Hitchens: Obama is Not Great

Hitchens's Slate article about Obama's victory seesaws between banality and incoherence. Inline comments in italics (actually, they're hardly even necessary):

---

"Historic," yelled the very headline across the top of my morning newspaper. (Just the news, please, if you would be so kind.) Would the letters have been so big for the first female vice president? And isn't it already historic that millions of white Christians voted, win or lose, for a man with one Kenyan parent, that parent having been raised as a Muslim?

Um, no. Sarah Palin's achievement in being elected would have been a negative one -- she didn't implode enough to cost McCain the election. And yes. And the newspapers would probably have said something like that had Obama lost.
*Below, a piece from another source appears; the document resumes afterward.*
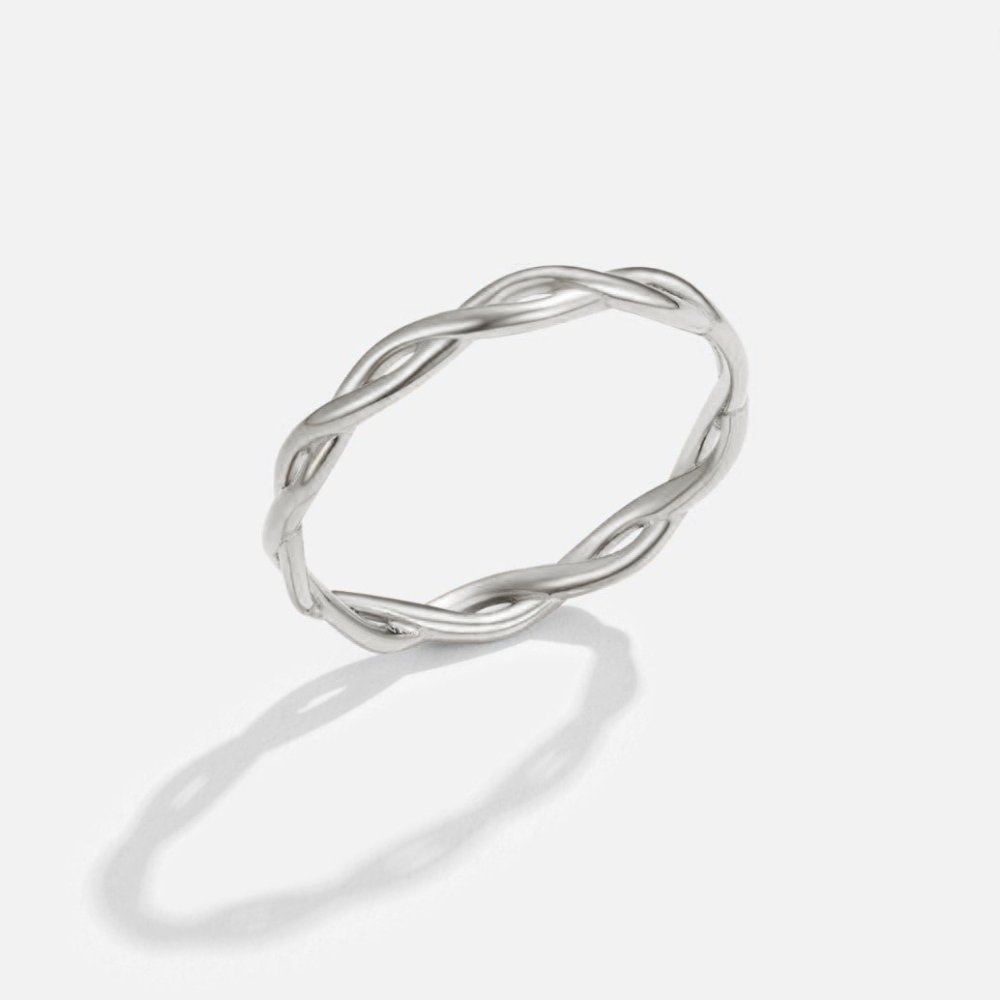 Infinity 18K Sølv Dreje-Ring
Well, as it happens, our new president has no slave ancestry, and neither branch of his parentage could have been owned by anybody, or at least not by anybody American. (Muslim-run slavery, though, is an old story in Africa as well as a horribly contemporary one.) And there were not a few elected black American representatives 40 years ago, even if mainly in Northern states.

It is well known that Kenyan immigrants were exempt from segregation. And note that "mainly." I take it he means 50 years ago, not five years after the civil rights act (or is he just being fiendishly clever?) and, um, I could count pre-civil rights southern black congressmen on my fingers even if I didn't have any.
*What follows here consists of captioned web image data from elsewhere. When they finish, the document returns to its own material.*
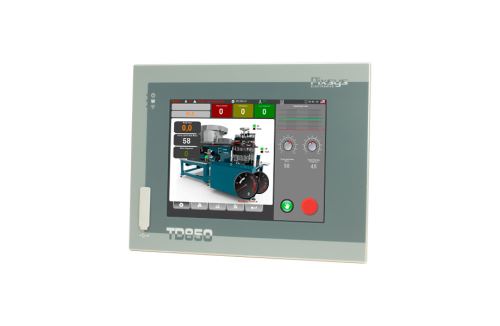 Pixsys TD850-A16 HMI with integrated soft-PLC and Touch LCD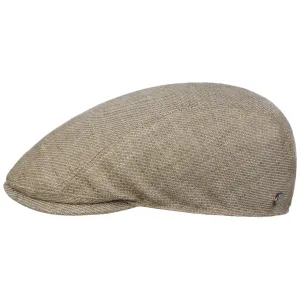 Classic Ivy Linen Flat Cap by Lierys
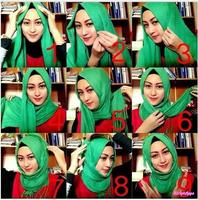 2 Schermata Tutorial Hijab Model Baru Untuk Pesta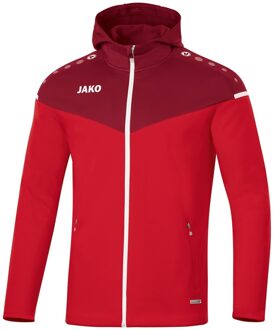 JAKO Champ 2.0 Jas Met Capuchon Rood-Wijn Rood Maat S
Second, a Republican victory would have had absolutely no effect on the legal or political standing of black Americans, which is a matter of our law and our Constitution and cannot be undone by any ephemeral vote or plebiscite.
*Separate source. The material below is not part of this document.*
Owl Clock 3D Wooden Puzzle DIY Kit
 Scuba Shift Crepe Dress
It bloody well would have had an effect on the political standing of black Americans. At the very least it would have made it extremely improbable that the Democrats would nominate another black candidate for president in the near future, for fear of losing the election again.

Nor even a diet of audacity, though can you picture anything less audacious than the gray, safety-first figures who have so far been chosen by Obama to be on his team?

Like who? As far as I can tell, Obama's appointments so far are irrelevant to policy.

---

I take it Hitch wanted to prove that he wasn't an Obamamaniac, but couldn't find anything useful to say by the deadline; however, this piece really exemplifies everything that's gone wrong with his commentary. He even uses "moist" (have you been reading the moist and trusting comments of our commentariat?) as a stock all-purpose intensifier, though it's become grating through endless repetition.

Someone really ought to put him to sleep.